Oregon regulators’ plan to observe and inspect the coming outdoor cannabis harvest will inconvenience many growers, but some industry watchers conclude it shouldn’t be much of an added financial burden.
Here are the basics surrounding the issue:
- The federal government – in particular, the U.S. attorney for Oregon – is scrutinizing Oregon’s MJ industry due to overproduction and potential diversion concerns.
- Outdoor growers must notify the Oregon Liquor Control Commission (OLCC), which regulates the state’s licensed cannabis market, before harvest so it can monitor crop gathering.
- Some growers are anxious the OLCC is already overburdened and behind schedule even before adding these new inspections.
- Scheduling the monitoring could prove tricky because growers often aren’t sure when they will harvest.
- Requiring outdoor cultivators to notify authorities about when they will harvest is an unusual move by state regulators and not common in the cannabis industry.
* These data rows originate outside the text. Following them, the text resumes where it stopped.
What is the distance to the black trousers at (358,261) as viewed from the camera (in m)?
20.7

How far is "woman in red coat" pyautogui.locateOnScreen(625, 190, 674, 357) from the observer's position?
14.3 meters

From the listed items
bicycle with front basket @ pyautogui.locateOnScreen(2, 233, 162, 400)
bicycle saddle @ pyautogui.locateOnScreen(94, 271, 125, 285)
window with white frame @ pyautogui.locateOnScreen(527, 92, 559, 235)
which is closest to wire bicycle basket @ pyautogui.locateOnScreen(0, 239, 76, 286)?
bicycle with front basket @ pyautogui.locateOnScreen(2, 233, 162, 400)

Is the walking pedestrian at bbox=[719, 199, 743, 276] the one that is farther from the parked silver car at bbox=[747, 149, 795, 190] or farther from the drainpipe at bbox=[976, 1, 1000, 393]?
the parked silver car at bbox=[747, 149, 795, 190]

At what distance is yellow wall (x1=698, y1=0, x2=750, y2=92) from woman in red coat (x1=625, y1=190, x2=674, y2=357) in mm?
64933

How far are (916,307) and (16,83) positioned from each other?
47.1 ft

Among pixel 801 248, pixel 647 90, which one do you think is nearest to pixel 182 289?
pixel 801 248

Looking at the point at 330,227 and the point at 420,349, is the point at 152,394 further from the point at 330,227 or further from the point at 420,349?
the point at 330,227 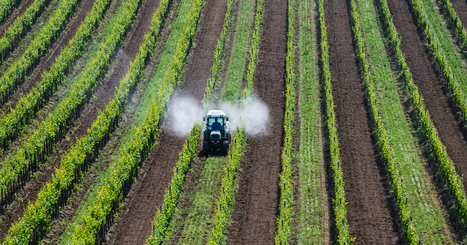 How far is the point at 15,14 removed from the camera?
186ft

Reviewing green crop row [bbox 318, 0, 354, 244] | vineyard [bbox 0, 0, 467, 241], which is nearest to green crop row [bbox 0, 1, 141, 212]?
vineyard [bbox 0, 0, 467, 241]

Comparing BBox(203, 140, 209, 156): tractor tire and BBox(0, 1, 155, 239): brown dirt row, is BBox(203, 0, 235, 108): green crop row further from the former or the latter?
BBox(0, 1, 155, 239): brown dirt row

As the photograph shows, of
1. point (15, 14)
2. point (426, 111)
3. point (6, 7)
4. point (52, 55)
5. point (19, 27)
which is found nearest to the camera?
point (426, 111)

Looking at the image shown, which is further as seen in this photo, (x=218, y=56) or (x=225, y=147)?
(x=218, y=56)

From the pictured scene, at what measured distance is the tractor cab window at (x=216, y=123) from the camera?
122 ft

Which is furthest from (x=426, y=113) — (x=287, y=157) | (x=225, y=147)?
(x=225, y=147)

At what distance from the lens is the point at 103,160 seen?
37.3m

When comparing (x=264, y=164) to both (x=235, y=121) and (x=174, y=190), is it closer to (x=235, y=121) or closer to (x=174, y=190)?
(x=235, y=121)

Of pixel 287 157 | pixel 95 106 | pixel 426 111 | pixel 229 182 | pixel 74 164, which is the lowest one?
pixel 74 164

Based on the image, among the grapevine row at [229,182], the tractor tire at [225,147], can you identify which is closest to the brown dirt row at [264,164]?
the grapevine row at [229,182]

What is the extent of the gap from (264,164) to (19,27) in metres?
29.6

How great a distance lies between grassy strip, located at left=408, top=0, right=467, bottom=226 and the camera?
105 feet

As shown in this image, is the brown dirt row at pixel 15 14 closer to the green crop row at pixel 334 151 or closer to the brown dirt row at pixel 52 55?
the brown dirt row at pixel 52 55

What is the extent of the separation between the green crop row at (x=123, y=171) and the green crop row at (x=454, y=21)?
25.5 m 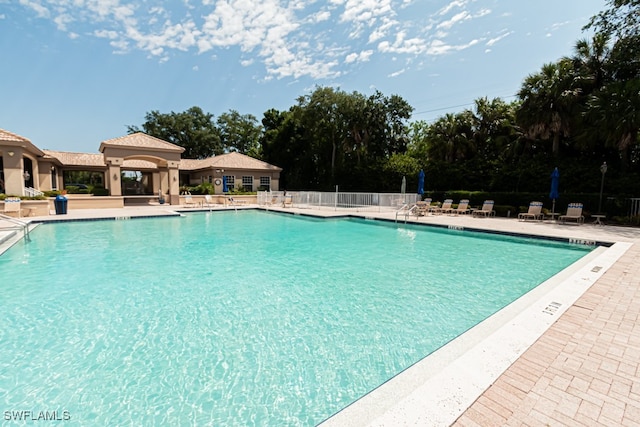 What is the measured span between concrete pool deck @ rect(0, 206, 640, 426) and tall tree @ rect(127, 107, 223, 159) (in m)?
44.8

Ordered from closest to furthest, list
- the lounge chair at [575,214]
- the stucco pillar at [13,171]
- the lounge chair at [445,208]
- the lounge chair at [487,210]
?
the lounge chair at [575,214]
the stucco pillar at [13,171]
the lounge chair at [487,210]
the lounge chair at [445,208]

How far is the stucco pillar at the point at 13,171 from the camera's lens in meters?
15.6

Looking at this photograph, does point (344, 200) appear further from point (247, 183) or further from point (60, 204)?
point (60, 204)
According to a news release, the agency has identified harvest “as an opportunity for diversion” and plans to require outdoor growers to notify regulators of five separate harvest dates 24 hours before the first planned harvest date.
OLCC spokesman Mark Pettinger said the state hopes to hear constructive input from MJ executives at the hearing to “achieve the intended outcome” that’s good for the state’s industry.
“We have the federal government peering over our shoulder with regard to diversion,” he said. “We know that with the fall outdoor harvest there has historically been significant diversion.”
A growing concern
This comes as the OLCC recently announced it would halt processing of new recreational cannabis business licenses until next year at the earliest, effective June 15. The agency said it was backlogged and needed time to process the licenses it had already received.
All of this is in response to concern at the federal level over too much cannabis production in the state.
Billy Williams, the state’s U.S. attorney, has repeatedly called on regulators and law enforcement to take steps to prevent Oregon-grown cannabis from leaving the state.
The OLCC’s Pettinger said nobody at the federal level is making a distinction between whether that marijuana is coming from the licensed or unlicensed market.
However, one high-profile example, and a black eye on the legal market, was the arrest of Richard Wilkinson last November.
Wilkinson, the owner of Portland-based cannabis extraction company Rich Extracts, was stopped in Lincoln, Nebraska, with a van full of marijuana products. The products were valued at $1.1 million.
“We need to show the federally authorities we’re dealing with this in a serious manner,” Pettinger said.
‘Literally fruitless’
But one outdoor grower in Oregon doesn’t think the state’s plan will remedy the problem.
“How is watching me harvest going to do anything for diversion?” asked Pete Gendron, president of the Oregon Sungrown Growers Guild.
“I can’t understand how an agency that’s already overburdened, behind schedule … is going to spend its limited resources doing something that is futile and literally fruitless.”
Gendron pointed out that outdoor growers in the state already have cameras with 90 days of video storage capacity running on their property to monitor crops.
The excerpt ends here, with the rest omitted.